The Archdiocese of Detroit’s Office of Christian Worship, in a Feb. 27 memo, explained the purpose of an indulgence.

“Every sin has consequences. It disrupts our communion with God and the Church, weakens our ability to resist temptation, and hurts others. The necessity of healing these consequences, once the sin has been forgiven, is called temporal punishment,” the memo stated. “Prayer, fasting, almsgiving and other works of charity can diminish this temporal punishment.”

Some have likened the idea of “temporal punishment” to having broken a window on a neighbor’s house. The neighbor can forgive the person of the offense, but justice still demands that the window be replaced.

An indulgence is one way of “paying for the window,” so to speak.

“Because of the fullness of redemption obtained for us by Christ, the Church attaches to certain prayers and actions an indulgence or pardon for the remission of temporal punishment due to sin,” the archdiocesan memo states. “Christ, acting through the Church, brings about the healing of the consequences of sin when an individual uses such a prayer or engages in such an action.”

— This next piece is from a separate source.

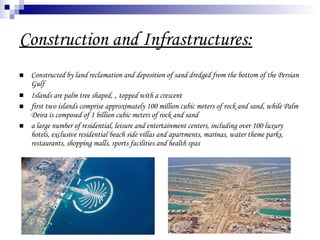 Construction and Infrastructures: Constructed by land reclamation and deposition of sand dredged from the bottom of the Persian Gulf  Islands are palm tree shaped,  ,  topped with a crescent  first two islands comprise approximately 100 million cubic meters of rock and sand, while Palm Deira is composed of 1 billion cubic meters of rock and sand  a large number of residential, leisure and entertainment centers, including over 100 luxury hotels, exclusive residential beach side villas and apartments, marinas, water theme parks, restaurants, shopping malls, sports facilities and health spas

So, how do I receive an indulgence this Lent?

The Church offers two types of indulgences: partial or plenary (full). On Fridays during Lent, the Church offers a plenary indulgence to the faithful who meet the following conditions: 

  • Being in the state of grace
  • Recent reception of the sacrament of penance (usually understood to be within the last three weeks)
  • Reception of Holy Communion
  • Prayers for the intentions of the Holy Father* (an Our Father and a Hail Mary suffice)
  • Then praying the prayer “En ego, O bone et dulcissime Iesu” (Behold, O good and loving Jesus) before a crucifix after receiving Holy Communion on a Friday in Lent

The prayer “En ego, O bone et dulcissime Iesu” is below. 

Behold, O good and loving Jesus,
that I cast myself on my knees before you,
and, with the greatest ferver of spirit,
I pray and beseech you to instill into my heart
ardent sentiments of faith, hope and charity,
with true repentance for my sins
and a most firm purpose of amendment.
With deep affection and sorrow
I ponder intimately
and contemplate in my mind your five wounds,
having before my eyes what the prophet David
had already put in your mouth about yourself, O good Jesus:
“They have pierced my hands and my feet,
they have numbered all my bones.” (Ps 21: 17-18)

*Each month, the pope asks Catholics worldwide to pray for a specific intention. These intentions are published by the Pope’s Worldwide Prayer Network, also known as the Apostleship of Prayer. The U.S. Conference of Catholic Bishops has published Pope Francis’ 2020 prayer intentions here. For instance, the pope’s March prayer intention is for Catholics in China: “We pray that the Church in China may persevere in its faithfulness to the Gospel and grow in unity.”